Boasting all of the features a new music producer or DJ would need, it includes 25 full-sized keys, eight backlit velocity-sensitive drum pads, and the necessary wheels to adjust the pitch and modulation.
The Nektar Impact LX25+ also has eight customizable rotary knobs in contrast to the Alesis v25’s four. The keyboard’s black chassis is also sturdy and well-made, although it’s a bit larger than some other 25-key MIDI keyboard controllers, making it slightly less portable. The keys, although full-size, are also synth-action rather than being weighted.
Depending on personal preference, this may not be ideal. The velocity curves of the keys can be easily adjusted, but the keyboard only offers seven presets to choose from, rather than the eight that tend to be more common for other 25-key MIDI keyboards. The velocity curves for the drum pads are also not adjustable, unlike the Alesis v25.
Speaking of the drum pads, however, Nektar has included a unique feature for mapping the pads to a function. This is what the company calls “Pad Learn.” The map just like hotkeys in a video game, and you can do this simply by first pressing a pad, then pressing the function or note you want the pad to correspond to.
Despite not being able to change the velocity sensitivity of the pads, the default setting is generally accurate and probably good enough for most people.
Overall, at usually a few dollars less than the Alesis v25, the Nektar Impact LX25+ offers great value for a 25-key MIDI keyboard. Of course, the Alesis v25 probably beats it (especially if you can find it on sale).
- Full-sized keys and eight rotary knobs make the Nektar Impact LX25+ highly convenient to use.
- Comes with a free license for third-party customization software, rather than relying on proprietary solutions.
- Synth-action keys make it easier to play fast-paced beats and melodies.
- The well-equipped central control panel helps to streamline your music production.
- Its pitch and modulation wheels offer a convenient way to change sounds, but without needing to reach for your mouse or interact with other hardware.
- Its build quality suffers slightly due to its low price, and the controls tend to wobble a little (and even feel slightly cheap).
- To some people, the synth-action keys may feel cheap or uncomfortable after a while.
- Pressure sensitivity customization is lacking, especially for the drum pads.
- The footprint of its chassis is a bit bulky, making it difficult to fit it comfortably into bags or backpacks.
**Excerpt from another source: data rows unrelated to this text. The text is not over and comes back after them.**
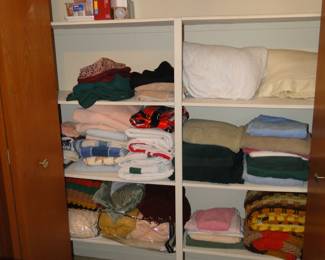 We have some very nice, and clean afghans, and towels and sheet sets too, very clean and very neat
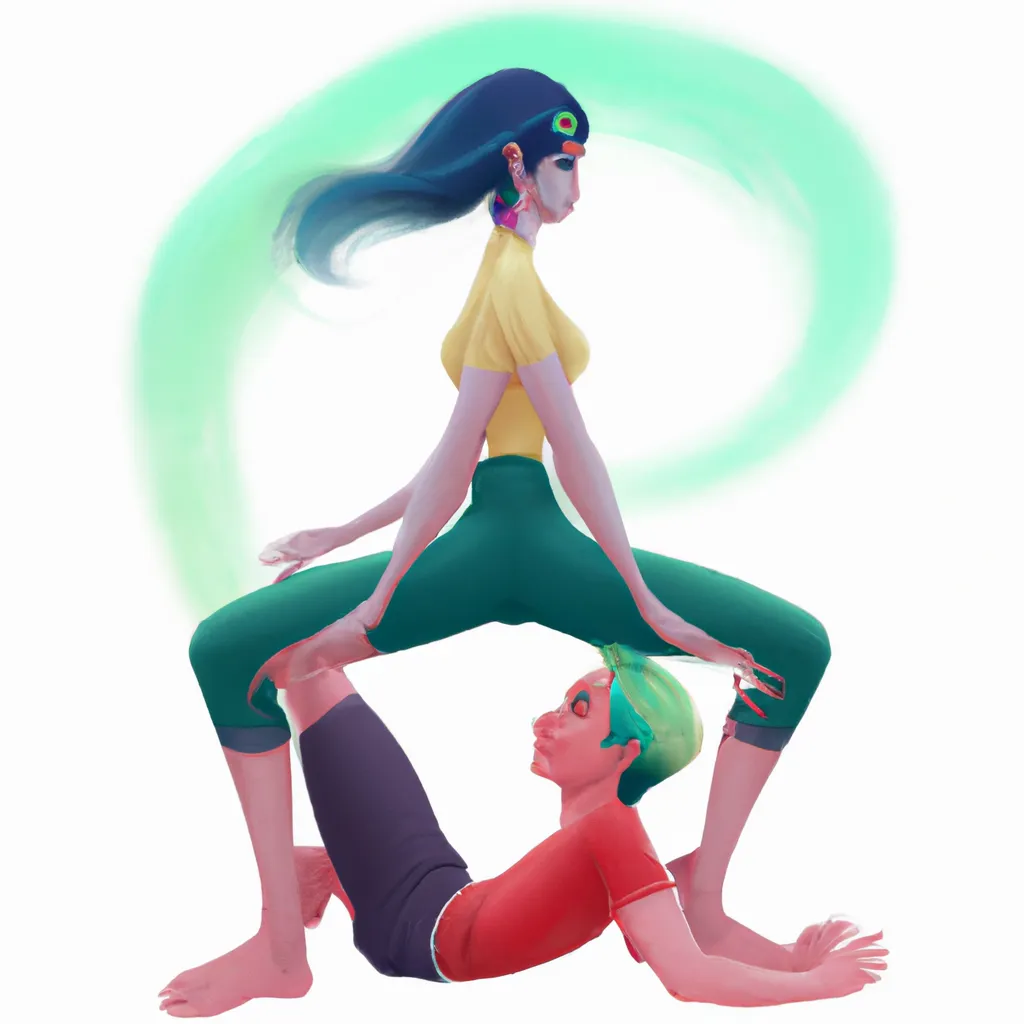 Passo Passo yoga de duas pessoas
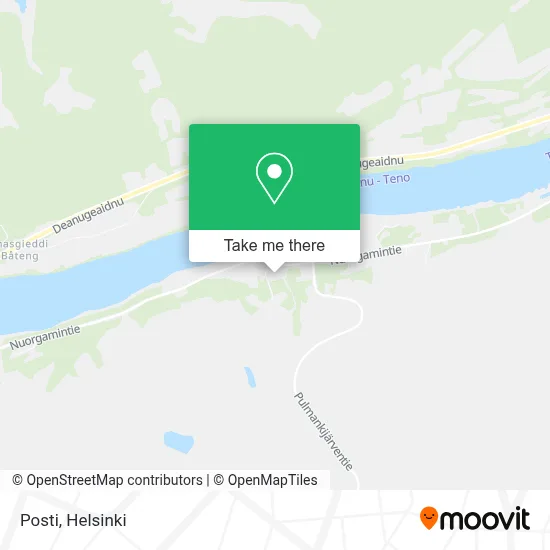 Posti map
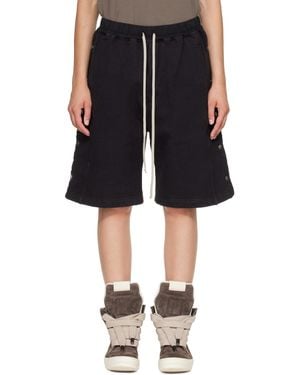 Rick Owens Tower Pusher Shorts - Black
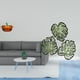 thumbnail image 2 of Plato de dulces,Plato de dulces de vidrio con tapa Tarro de dulces decorativo,Para el buffet de dulces,la mesa de fiesta del escritorio de la oficina y el hogar,Placa de pared con hojas de, 2 of 8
Novation Launchkey Mini MK3 25-key Keyboard Controller
Novation is a well-known brand with a long history of crafting excellent MIDI keyboards. The Novation Launchkey Mini MK3 is primarily designed to be used with Ableton Live software, but it should be compatible with most other music software, as well.
With a highly compact chassis, the Novation Launchkey Mini MK3 is highly portable, though that’s tempered slightly by the fact that it comes with a foot pedal. This addition is both a boon for versatility and a downside for having one additional accessory for you to have to lug around.
Nevertheless, the Novation Launchkey Mini MK3 is very well built, feeling both sturdy and solid while being used. It’s also very feature-rich, with sixteen velocity-sensitive drum pads in comparison to the Alesis v25’s eight. It also comes with a pitch bend and modulation touch strip too.
It connects to both Microsoft Windows and iOS systems via USB, although the keyboard controller also contains a MIDI output port. This allows for it to operate in standalone mode. Unfortunately, this functionality requires a special adaptor, which is sold separately by Novation.
Still, the standalone mode is a nice touch, and it’s particularly augmented by the inclusion of onboard amp and fixed chord modes. Both of these are also readily available when connected via MIDI adapter too.
The keys on the Novation Launchkey Mini MK3 once again use synth-action keys, in contrast to the Alesis v25’s semi-weighted action keys. The keys are also mini-sized, which can cause cramping for players who are more accustomed to full-sized keys.
Nevertheless, the fairly affordable price tag, combined with the additional functionality and included sustain pedal, make the Novation Launchkey Mini MK3 a decent alternative to the Alesis v25. At least, that’s true when neither is on sale – provided that the additional features are important to you, of course.
- The MIDI port output and standalone mode offer an additional way to use your MIDI keyboard compared to competitors.
- Sustain pedal allows for greater versatility when playing or composing music.
- Its synth-action keys make it easier to play fast-paced beats and melodies.
- The keyboard has sixteen drum pads, double the number of pads usually found in 25-key keyboards
- Its pitch and modulation touch strips offer a convenient way to change sounds without reaching for your mouse or interacting with other hardware.
- The good build quality ensures that the keyboard feels sturdy in the hand when using it.
- Primarily designed for use with Ableton Live software, so other music software may not connect as easily.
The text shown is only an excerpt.